After going through Denholm, they got caught up behind a queue of four vehicles.

They then reached the Timpendean straight, but oncoming traffic initially ruled out overtaking.

However, once the last of the oncoming vehicles had passed, the first of their cars pulled out to overtake the traffic ahead, with Murphy following in his Seat.

Mr O’Mahony said the noise of the vehicles accelerating caught the attention of witnesses, and one guessed that they were travelling at more than 70 mph. He said: “Other witnesses confirm the accused was travelling in excess of the speed limit, with one witness describing his speed as ‘ridiculous’.”

The lead car managed to complete the overtaking manoeuvre, but Murphy’s vehicle had insufficient time to follow suit.

A couple travelling with young children saw his car come over the crest of a hill towards them and managed to bring their Saab almost to a halt.

Murphy’s car careered off the road and collided with a road sign before hitting a dry-stone wall and rolling into a ploughed field near Timpendean Cottages.

The advocate depute said: “The vehicle came to rest the right way up.
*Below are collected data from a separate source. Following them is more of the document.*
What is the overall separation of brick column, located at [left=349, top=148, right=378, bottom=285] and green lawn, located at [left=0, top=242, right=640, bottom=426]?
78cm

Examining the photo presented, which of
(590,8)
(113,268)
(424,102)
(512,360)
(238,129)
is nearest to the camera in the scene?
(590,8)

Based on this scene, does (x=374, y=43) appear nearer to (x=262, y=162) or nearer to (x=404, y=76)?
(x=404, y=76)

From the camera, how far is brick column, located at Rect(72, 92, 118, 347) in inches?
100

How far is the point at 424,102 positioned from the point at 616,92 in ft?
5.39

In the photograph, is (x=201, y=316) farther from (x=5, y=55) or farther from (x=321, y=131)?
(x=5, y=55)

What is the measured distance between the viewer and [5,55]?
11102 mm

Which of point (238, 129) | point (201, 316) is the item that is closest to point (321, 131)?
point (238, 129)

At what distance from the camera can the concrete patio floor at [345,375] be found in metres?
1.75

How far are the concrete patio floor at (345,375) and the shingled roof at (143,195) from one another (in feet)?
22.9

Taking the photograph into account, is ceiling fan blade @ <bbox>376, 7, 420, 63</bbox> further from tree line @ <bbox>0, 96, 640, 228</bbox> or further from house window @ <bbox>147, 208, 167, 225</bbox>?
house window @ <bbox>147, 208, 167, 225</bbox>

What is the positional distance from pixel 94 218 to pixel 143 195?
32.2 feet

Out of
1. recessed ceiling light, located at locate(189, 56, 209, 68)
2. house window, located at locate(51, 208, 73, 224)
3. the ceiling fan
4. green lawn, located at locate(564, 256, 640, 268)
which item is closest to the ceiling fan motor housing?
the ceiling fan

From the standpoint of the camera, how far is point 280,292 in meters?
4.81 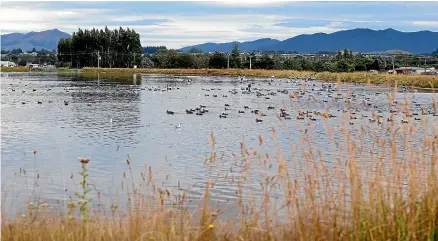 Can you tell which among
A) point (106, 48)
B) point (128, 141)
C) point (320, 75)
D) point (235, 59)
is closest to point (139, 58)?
point (106, 48)

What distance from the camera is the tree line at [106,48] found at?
11181 cm

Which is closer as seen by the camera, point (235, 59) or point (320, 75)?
point (320, 75)

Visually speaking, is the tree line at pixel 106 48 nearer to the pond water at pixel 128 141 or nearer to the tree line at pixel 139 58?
the tree line at pixel 139 58

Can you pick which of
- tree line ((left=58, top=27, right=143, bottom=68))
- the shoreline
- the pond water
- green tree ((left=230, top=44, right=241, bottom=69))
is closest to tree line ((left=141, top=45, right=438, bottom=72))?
green tree ((left=230, top=44, right=241, bottom=69))

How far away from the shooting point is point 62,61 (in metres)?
127

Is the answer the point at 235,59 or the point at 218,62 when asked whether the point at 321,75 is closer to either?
the point at 235,59

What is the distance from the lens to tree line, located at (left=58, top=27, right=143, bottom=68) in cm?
11181

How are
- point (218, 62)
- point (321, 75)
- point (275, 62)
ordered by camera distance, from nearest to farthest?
point (321, 75) < point (275, 62) < point (218, 62)

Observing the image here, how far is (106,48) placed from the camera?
372 feet

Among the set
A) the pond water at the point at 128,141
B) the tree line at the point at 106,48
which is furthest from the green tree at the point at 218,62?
the pond water at the point at 128,141

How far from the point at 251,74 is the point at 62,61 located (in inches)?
2089

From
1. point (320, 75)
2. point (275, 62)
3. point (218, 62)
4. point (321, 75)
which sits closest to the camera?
point (321, 75)

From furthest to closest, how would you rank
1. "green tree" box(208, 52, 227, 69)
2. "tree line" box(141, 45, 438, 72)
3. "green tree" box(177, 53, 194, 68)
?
"green tree" box(177, 53, 194, 68) → "green tree" box(208, 52, 227, 69) → "tree line" box(141, 45, 438, 72)

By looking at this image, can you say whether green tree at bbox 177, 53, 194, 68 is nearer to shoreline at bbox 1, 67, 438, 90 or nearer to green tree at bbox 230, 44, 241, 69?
green tree at bbox 230, 44, 241, 69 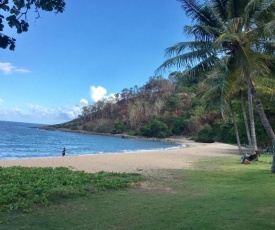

The impact caused extensive damage to the entire vehicle.”

Murphy and another passenger, Lee Sanderson, were able to get out of the car, but Dale, of Longcroft Road, Hawick, was unconscious and remained in the front passenger seat.

An off-duty surgeon and paramedic tried to give first aid to him and got him out of the vehicle.

He was taken to Borders General Hospital in Melrose before being flown by helicopter to Edinburgh, but he did not survive his injuries, dying from head wounds.

Police investigators came to the conclusion that the Seat had been travelling at excess speed immediately before the collision.

They said that a rise followed by a dip in the road where the overtaking took place was sufficient to obscure vehicles from one another as they travelled in opposite directions, but they maintained that there was adequate warning of the hazard.

Lady Wolffe told Murphy that she had taken into account a victim impact statement made by Dale’s mother.

The judge said: “She explains the impact of this heartbreaking and abiding loss she has suffered in the loss of her only son as a consequence of your actions that day.

“With great dignity she expresses the view that a long jail sentence will not restore her son to her.”

Lady Wolffe said the case was “eloquent of the dangers posed by young, inexperienced drivers driving at excessive speed and being reckless as to the consequences”.

She added: “By your actions, you posed serious risks to other road users.

“Your front-seat passenger, who was a good friend, has lost his life. You will have to carry the burden of what you have done.

“Your friend has lost his life, and his family will bear that loss for their lives too.”